How to Create Custom Monomer Library and Bulk Register the Peptides
As modern peptide research continues to expand into non-canonical and chemically modified amino acids, tools like CDD Vault is now supporting the registration and management of these custom macromolecules. This guide provides a streamlined workflow for registering peptides that include unnatural amino acids by leveraging custom monomer libraries within CDD Vault.
Overview
CDD Vault now allows users to register macromolecules containing custom monomer codes, streamlining the handling of modified peptides. While future updates will integrate monomer libraries directly into the platform, the current method involves using Structure Data Files (SDFs) for custom monomer import during sequence registration.
1. Creating a Custom Monomer Library
Before registering your peptides, first define and structure your unnatural amino acids as monomers in a valid SDF format.
Steps:
- Use the chemical drawing tool to define and register each custom monomer (e.g., Acetyl, Amide, Cy5, TAMRA, DOTA, D-Cha, NMeG etc).
- Represent monomer attachment points:
- Use an “R1” atom to replace the C-terminal OH.
- Use another “R2” atom to replace one N-terminal hydrogen.
- One Molecule level meta data field named “Code” is required. This is the exact monomer code (e.g., Cy5, TAMRA, DOTA, D-Cha, NMeG) used for peptide sequences in import file.
Note: If a single monomer corresponds to multiple codes, include separate entries with identical structures but different Code values.

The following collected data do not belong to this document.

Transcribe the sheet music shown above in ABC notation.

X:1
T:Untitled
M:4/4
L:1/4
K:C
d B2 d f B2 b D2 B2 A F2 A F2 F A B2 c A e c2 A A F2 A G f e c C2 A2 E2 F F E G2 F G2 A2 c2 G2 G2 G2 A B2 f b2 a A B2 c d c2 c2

2. Exporting the Custom Monomer Library (SDF)
Once you’ve drawn and annotated your custom monomers:
- Search the codes from keyword search area.
- Via “Customize your report” include following columns:
- The structure
- A molfile
- The metadata field “Code”
- Export this table as SDF
This SDF will be used during peptide sequence import or stored permanently in a dedicated Vault project (e.g., “Monomers”).
3. Preparing the Bulk Import File
Prepare an Excel or CSV file with your peptide sequences. For peptides containing unnatural monomers:
- Wrap custom codes in square brackets, e.g., [Cy5].
- Use the standard single-letter code (e.g., A, G, L) for natural amino acids, and use "X" to represent unnatural amino acids.
Example Format:
Sequence | Synonym |
---|---|
[Cy5]ERLRKKLQDVHNF[TAMRA]A | Sequence 1 |
[DOTA]SVSEIQLMHQDVHNFL | Sequence 2 |
Additional metadata columns related to molecule or batch level data can be included in this file.
4. Uploading and Composing Macromolecules in CDD Vault
Once the Excel file is ready:
- Navigate to the “Import Data” section in your CDD Vault.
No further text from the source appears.